Goal of the exercise.
Where the line containing "Hello guys, welcome" appears in the entries below, start there and print only that line and every line after it, exactly, through the end, excluding pictures.

[Data shown — start]

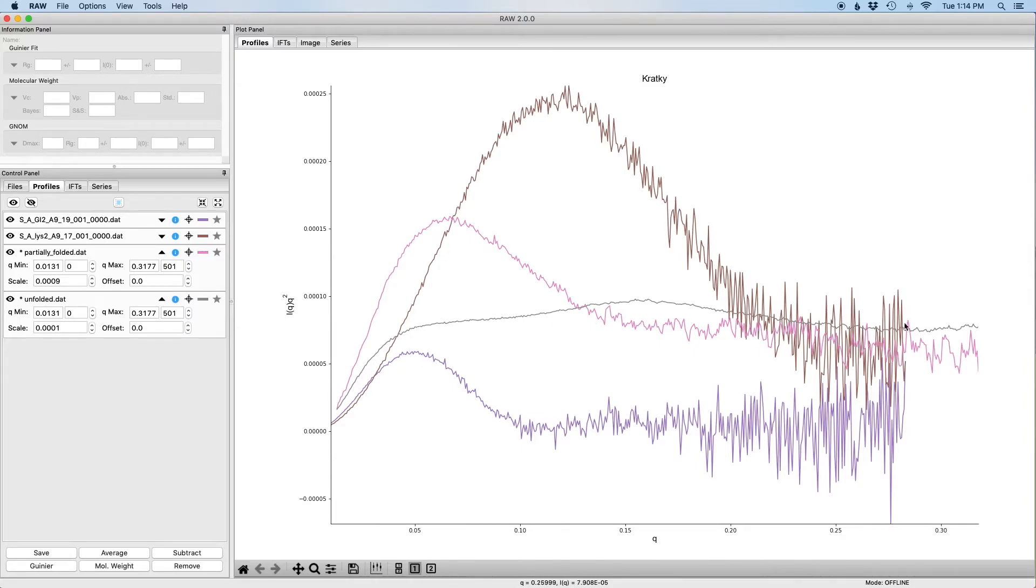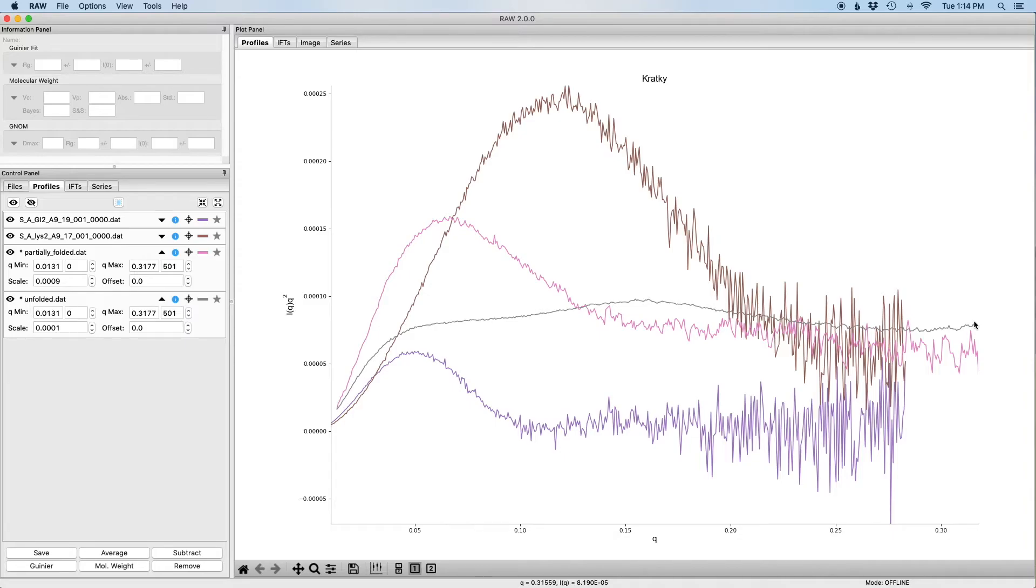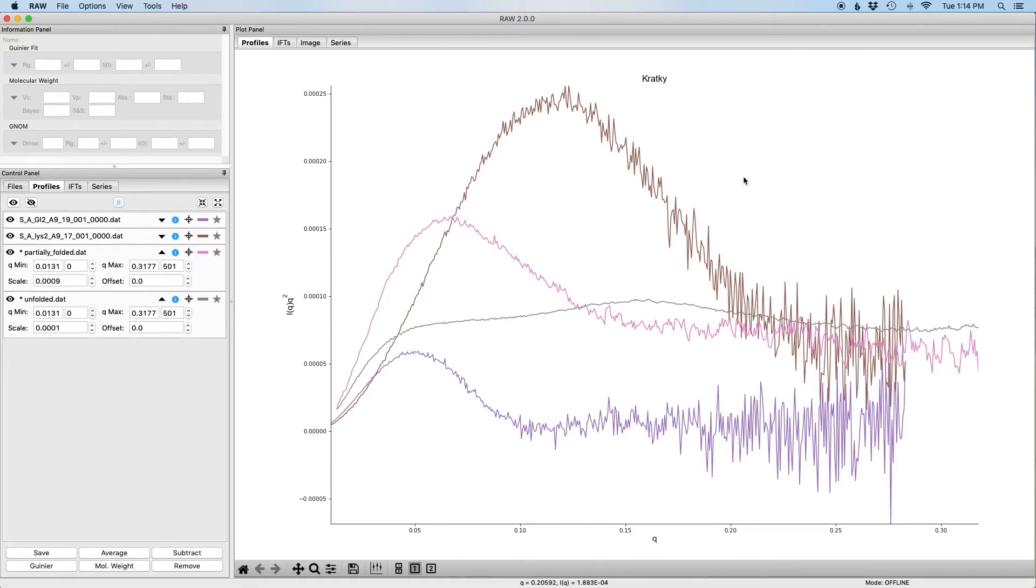And we can see that the pink data kind of comes up and has a level spot, it's what we expect for partly folded, whereas the unfolded comes up and just essentially has a plateau.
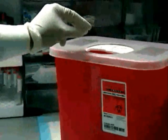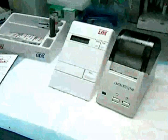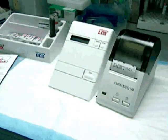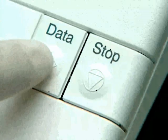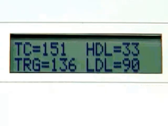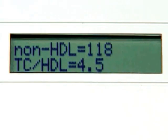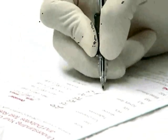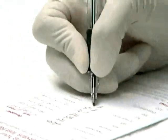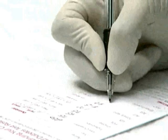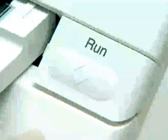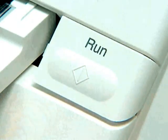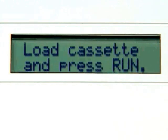When the test is complete, the Cholestec LDX system will beep and the result will appear on the screen. Press Data to obtain any additional or calculated results and record them on the patient result form. Depending on the test cassette, it may be necessary to press the Data button a third time to obtain all the results. After a test has been performed, pressing the Run button once brings up the prompt to load a new cassette and start a new test.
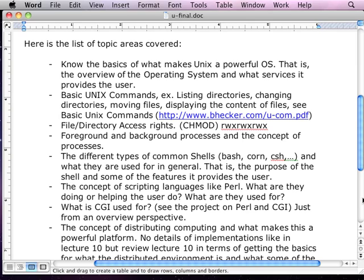Those are the actual questions, by the way. Number eight: which of the following is true? The options go A through D, and D says all of the above are true.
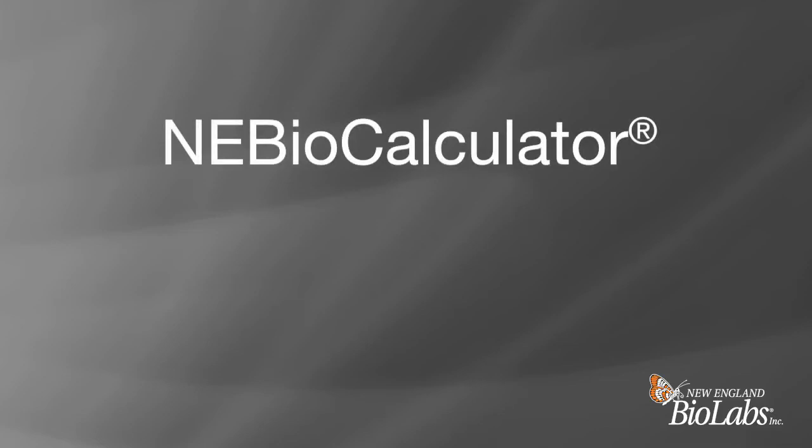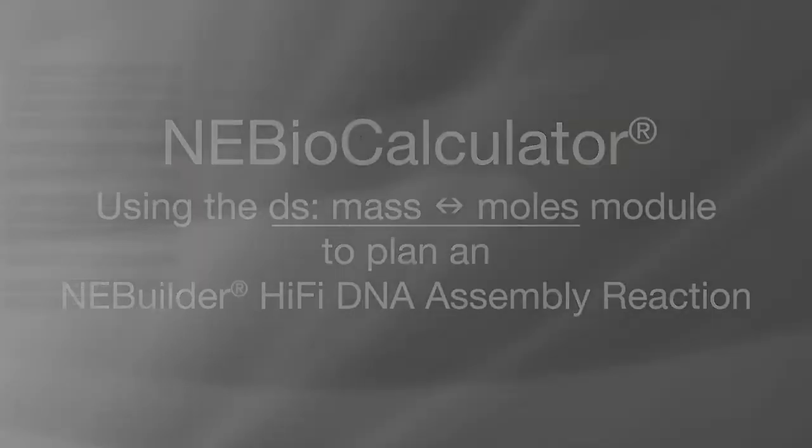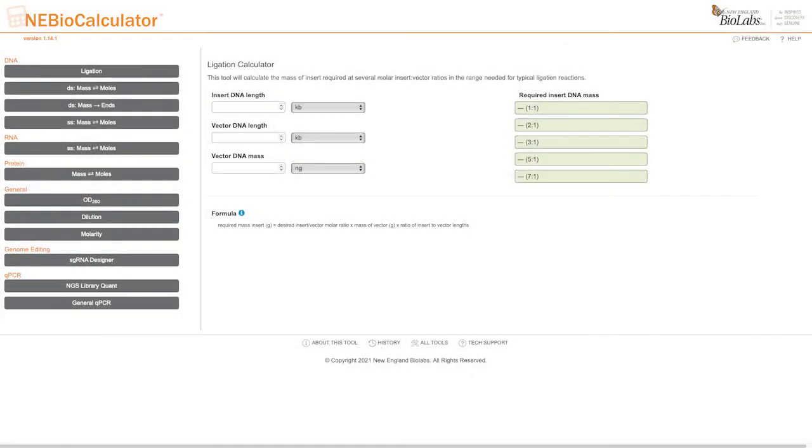NEBioCalculator is an easy-to-use tool that contains various modules to help with biomolecular calculations. In this video, we will demonstrate how to use the double-stranded DNA mass to from moles converter to plan an NEBuilder HiFi DNA assembly reaction.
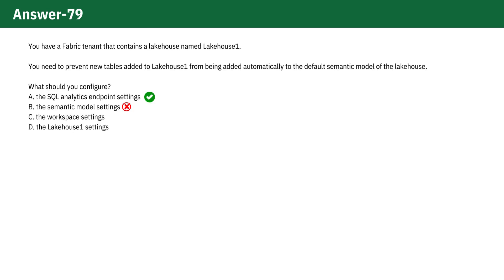Option C, the Workspace Settings, deals with broader aspects like permissions and capacity, but it doesn't affect the automatic synchronization of tables to the Power BI semantic model, making it incorrect.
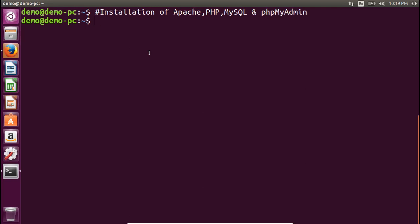Hello guys, welcome to the web technology lab videos. Today we will learn about the installation of Apache, PHP, MySQL, and phpMyAdmin. We will start with Apache first.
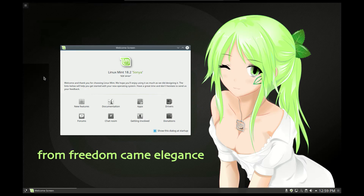Hello everyone, today we are going to have a look at Linux Mint 18.2 Sonja. This is the KDE 64-bit beta version.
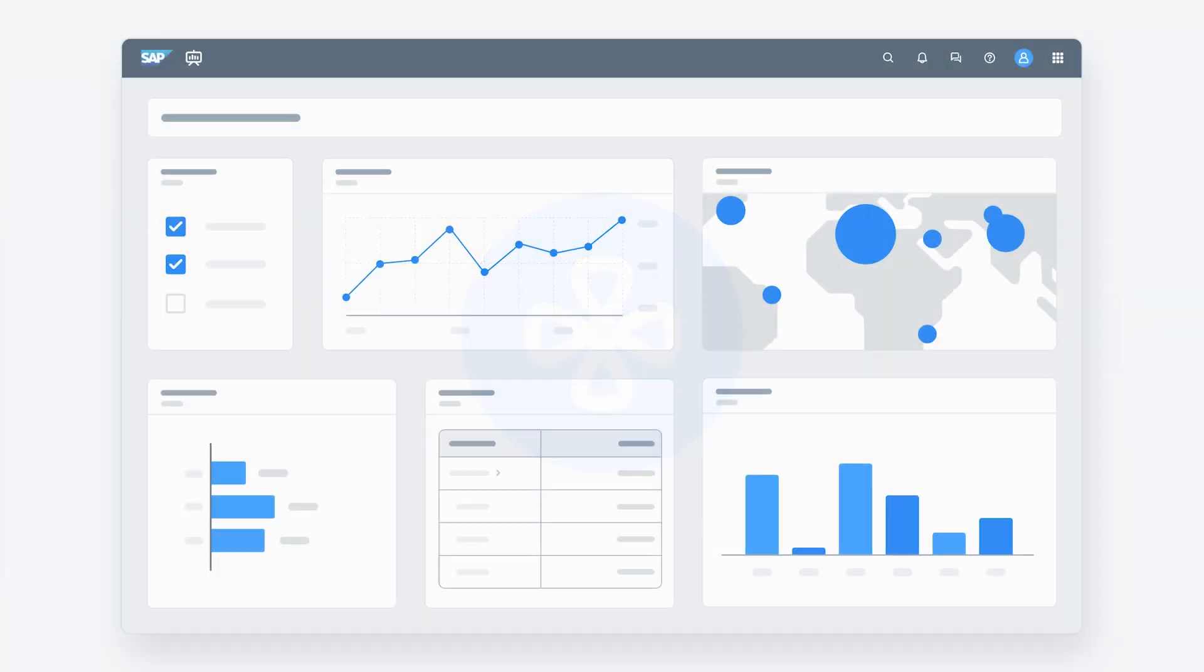For more on using dimensions in SAP Analytics Cloud, check out the Help Topic links in the description, and try it for yourself today! Thank you.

[Data shown — finish]

Your solution.
Hello guys, welcome to the web technology lab videos. Today we will learn about the installation of Apache, PHP, MySQL, and phpMyAdmin. We will start with Apache first.
Hello everyone, today we are going to have a look at Linux Mint 18.2 Sonja. This is the KDE 64-bit beta version.
For more on using dimensions in SAP Analytics Cloud, check out the Help Topic links in the description, and try it for yourself today! Thank you.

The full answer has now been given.